STATE — Live progress log

Updated continuously. Each entry stamped with UTC timestamp.

Current phase

Phase 0 — scaffolding

Phase ledger

Detailed log

2026-04-28T08:30:00Z — kickoff

User briefed the experiment.
Verified vast.ai CLI present (auth as patrick@simplefunctions.dev, balance $0.00).
Verified gh auth as patrickliu0077, write access to spfunctions org.
Researched ByteDance-Seed/In-Place-TTT repo:
- Repo exists, public, ICLR 2026 oral, last push 2026-04-21.
- No public checkpoint. eval_config/models.py is a stub.
- Fast weight lives in TTTDynamicCache.ttt_states[layer_idx][2] — decouplable from KV.
- ttt_chunk=4096 gates TTT update; below threshold update is skipped.
- Pinned deps: torch 2.8.0+cu128, flash-attn 2.8.3 cp311, veomni @ 9b91e164, transformers 4.57.3, Python 3.11.

2026-04-28T08:35:00Z — direction set

Path B-mini selected (self-train minimal checkpoint, ~$10-15 on Modal).
Platform: Modal ($30/mo free credit).
Repo: spfunctions/ttt-conv-memory public.

2026-04-28T08:40:00Z — scaffolding actions

Issue opened upstream: ByteDance-Seed/In-Place-TTT#3
Repo created: https://github.com/spfunctions/ttt-conv-memory
Repo cloned to /Users/liuyizhou/spfunctions/ttt-conv-memory.
Modal CLI installed (v1.4.2), auth'd to workspace patrick-43806, token verified.

2026-04-28T08:45:00Z — docs scaffold complete

README.md, SPEC.md, STATE.md (this), DECISIONS.md written.
Next: requirements.txt, .gitignore, setup.sh, build_benchmark.py.

2026-04-28T09:00:00Z — code scaffold complete + benchmark generated

requirements.txt, .gitignore, setup.sh written.
build_benchmark.py written and run locally — produced benchmark_v1.json (300 samples, 2620 probes, 5 conversation skeletons).
model_utils.py written (Qwen3-8B + In-Place TTT loader, fast-weight save/load, kv_stripped_clone primitive, ttt-mode toggle).
train_minimal.py written (frozen-base, train ttt_proj+ttt_conv on HuggingFaceH4/no_robots).
run_experiment.py written (4 conditions A/B/C/D).
evaluate.py written + smoke-tested locally with synthetic per-condition outputs (pipeline mechanics OK).
sanity.py written (5 pre-flight sanity checks per SPEC.md).
modal_app.py written (nvidia/cuda 12.8 dev base image + pinned ML stack + In-Place TTT clone).
All Python files AST-parse clean.
User switched session to bypass-permissions / auto-mode.
Next: commit + push, then trigger Modal image build via modal run modal_app.py::smoke_image.

2026-04-28T09:30:00Z — three architectural bug fixes after deep upstream code read

Read inference_model/hf_qwen3/modeling_qwen3.py carefully.

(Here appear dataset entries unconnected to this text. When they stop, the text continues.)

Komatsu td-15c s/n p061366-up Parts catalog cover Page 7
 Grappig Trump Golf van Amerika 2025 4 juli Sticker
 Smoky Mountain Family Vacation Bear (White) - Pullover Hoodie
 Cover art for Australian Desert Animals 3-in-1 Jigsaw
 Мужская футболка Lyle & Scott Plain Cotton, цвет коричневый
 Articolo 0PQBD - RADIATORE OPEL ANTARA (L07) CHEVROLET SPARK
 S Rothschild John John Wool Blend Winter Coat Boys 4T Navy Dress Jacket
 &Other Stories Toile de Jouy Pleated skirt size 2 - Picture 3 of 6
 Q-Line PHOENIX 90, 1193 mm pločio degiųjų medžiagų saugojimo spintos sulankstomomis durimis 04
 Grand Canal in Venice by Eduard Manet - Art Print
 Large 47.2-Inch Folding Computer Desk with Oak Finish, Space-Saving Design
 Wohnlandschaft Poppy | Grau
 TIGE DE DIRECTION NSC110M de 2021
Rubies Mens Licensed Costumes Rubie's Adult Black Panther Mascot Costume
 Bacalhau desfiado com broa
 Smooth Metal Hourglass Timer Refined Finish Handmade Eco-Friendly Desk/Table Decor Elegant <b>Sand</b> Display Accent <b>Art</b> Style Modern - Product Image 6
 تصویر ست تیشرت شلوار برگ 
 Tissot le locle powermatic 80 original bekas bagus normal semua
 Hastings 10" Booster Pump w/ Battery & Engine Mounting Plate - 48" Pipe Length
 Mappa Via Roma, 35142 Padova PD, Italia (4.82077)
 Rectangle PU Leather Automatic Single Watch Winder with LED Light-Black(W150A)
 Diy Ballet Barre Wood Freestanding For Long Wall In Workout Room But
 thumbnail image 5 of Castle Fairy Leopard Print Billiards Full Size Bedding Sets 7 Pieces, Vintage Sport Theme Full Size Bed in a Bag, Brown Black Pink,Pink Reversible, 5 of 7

Found:

ttt_chunk was 1024 — TTT update would never fire. Measured benchmark conv tokens: 123-158, probe tokens: 3-10. The upstream guard if seq_len < self.ttt_chunk: return ..., present_down_proj_w means convs at ttt_chunk=1024 just early-return without updating. Fixed: ttt_chunk=64 (DECISIONS D-002 revised). All 300 convs now trigger update; all 2620 probes safely below threshold.
config.ttt_mode = False is a no-op at runtime. Upstream attaches ttt_proj/ttt_conv at init gated on config flags; mutating them after init does nothing. Replaced disable_ttt_updates / enable_ttt_updates with zero_ttt_params + snapshot_ttt_params + restore_ttt_params. For conditions A/C: zero TTT params (functional vanilla); for B/D: restore trained snapshot.
flash-attn skipped, use SDPA. Modal pip mirror has no prebuilt flash-attn wheel for cu128/torch2.8/cp311 → falls back to source compile (30+ minutes). Upstream code dispatches via config._attn_implementation; SDPA works without flash-attn. Saved per-image-build time.

2026-04-28T09:35:00Z — kv_stripped_clone fix

Realized that retaining past_h_tail/past_t_tail (zero or otherwise) could let probe forward concatenate with them and exceed ttt_chunk, firing a TTT update during probe and polluting the fast weights with probe content. Fixed: drop tails to None so the layer's if past_h is None: present_h = hidden_states branch keeps probe forward standalone.

2026-04-28T09:38:00Z — Modal smoke build started

First build attempt (with flash-attn) cancelled at ~5 min into source compile.
Restarted with debian_slim base + no flash-attn → fast image build in progress.
Watching for terminal signal via Bash background task (buvik951x).
Next: when smoke succeeds, run modal run modal_app.py::train (B-mini training, ~4-6h on A100).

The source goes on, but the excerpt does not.